• **EXERCISE INSTRUCTIONS**
The answer must be an exact copy of the entries below, with no images in it.

• **SOURCE MATERIAL**
--- START ---
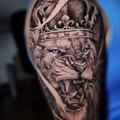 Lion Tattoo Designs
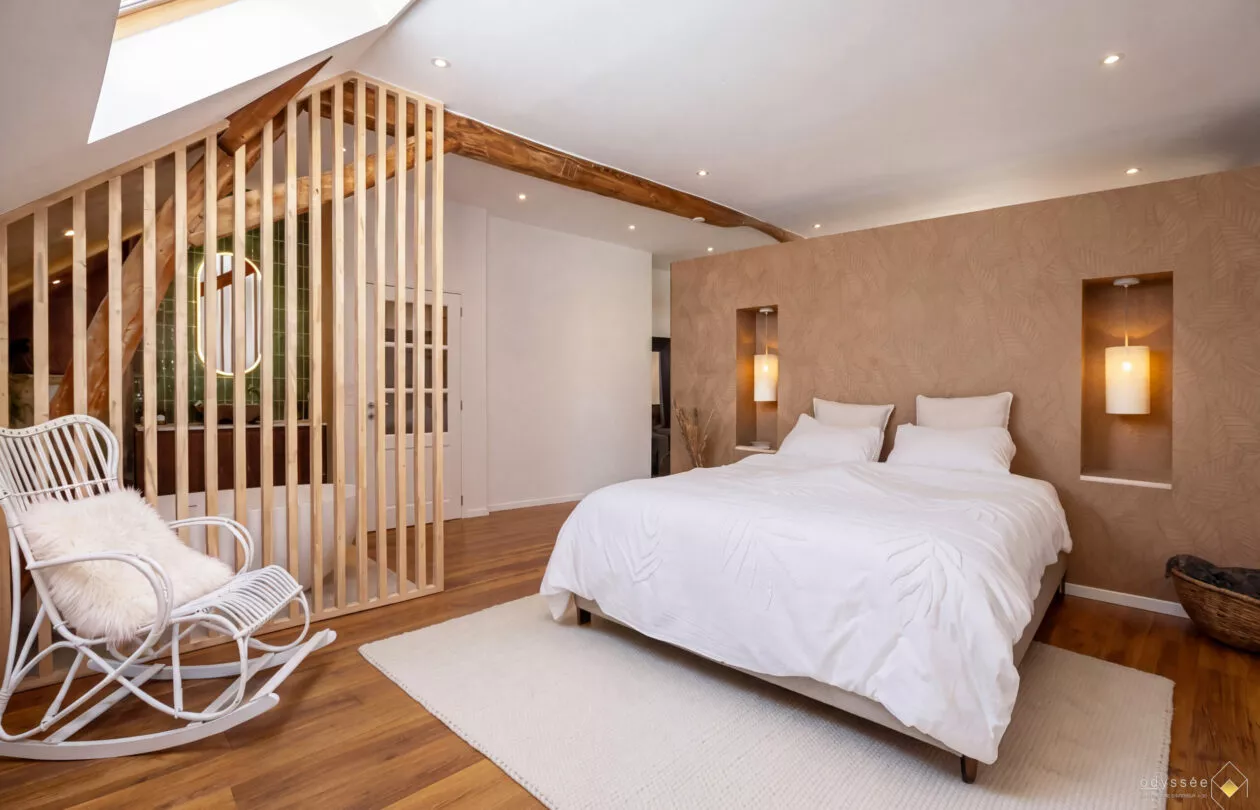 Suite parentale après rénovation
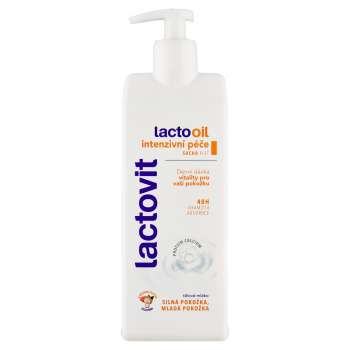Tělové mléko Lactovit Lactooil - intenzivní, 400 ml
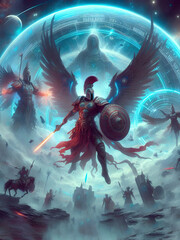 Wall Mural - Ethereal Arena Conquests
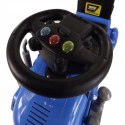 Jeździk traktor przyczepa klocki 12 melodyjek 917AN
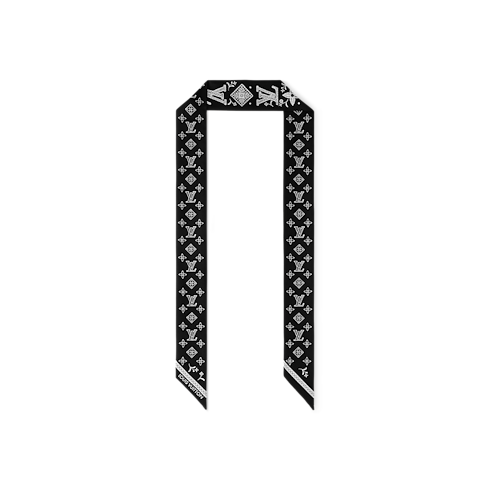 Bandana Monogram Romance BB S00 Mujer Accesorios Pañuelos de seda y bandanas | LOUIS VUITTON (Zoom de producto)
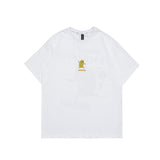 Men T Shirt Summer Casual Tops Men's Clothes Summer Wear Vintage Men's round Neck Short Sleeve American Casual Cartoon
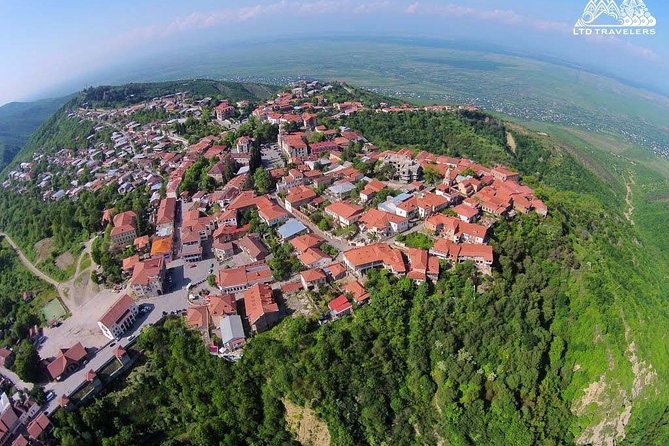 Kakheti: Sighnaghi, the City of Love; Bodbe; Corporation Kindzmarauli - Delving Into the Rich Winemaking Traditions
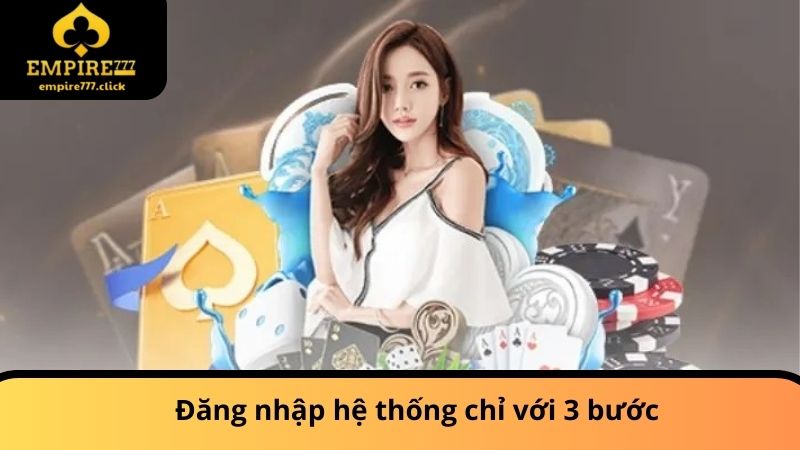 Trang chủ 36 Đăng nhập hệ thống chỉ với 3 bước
--- END ---
• **TASK SOLUTION**
 Lion Tattoo Designs
 Suite parentale après rénovation
Tělové mléko Lactovit Lactooil - intenzivní, 400 ml
 Wall Mural - Ethereal Arena Conquests
 Jeździk traktor przyczepa klocki 12 melodyjek 917AN
 Bandana Monogram Romance BB S00 Mujer Accesorios Pañuelos de seda y bandanas | LOUIS VUITTON (Zoom de producto)
 Men T Shirt Summer Casual Tops Men's Clothes Summer Wear Vintage Men's round Neck Short Sleeve American Casual Cartoon
 Kakheti: Sighnaghi, the City of Love; Bodbe; Corporation Kindzmarauli - Delving Into the Rich Winemaking Traditions
 Trang chủ 36 Đăng nhập hệ thống chỉ với 3 bước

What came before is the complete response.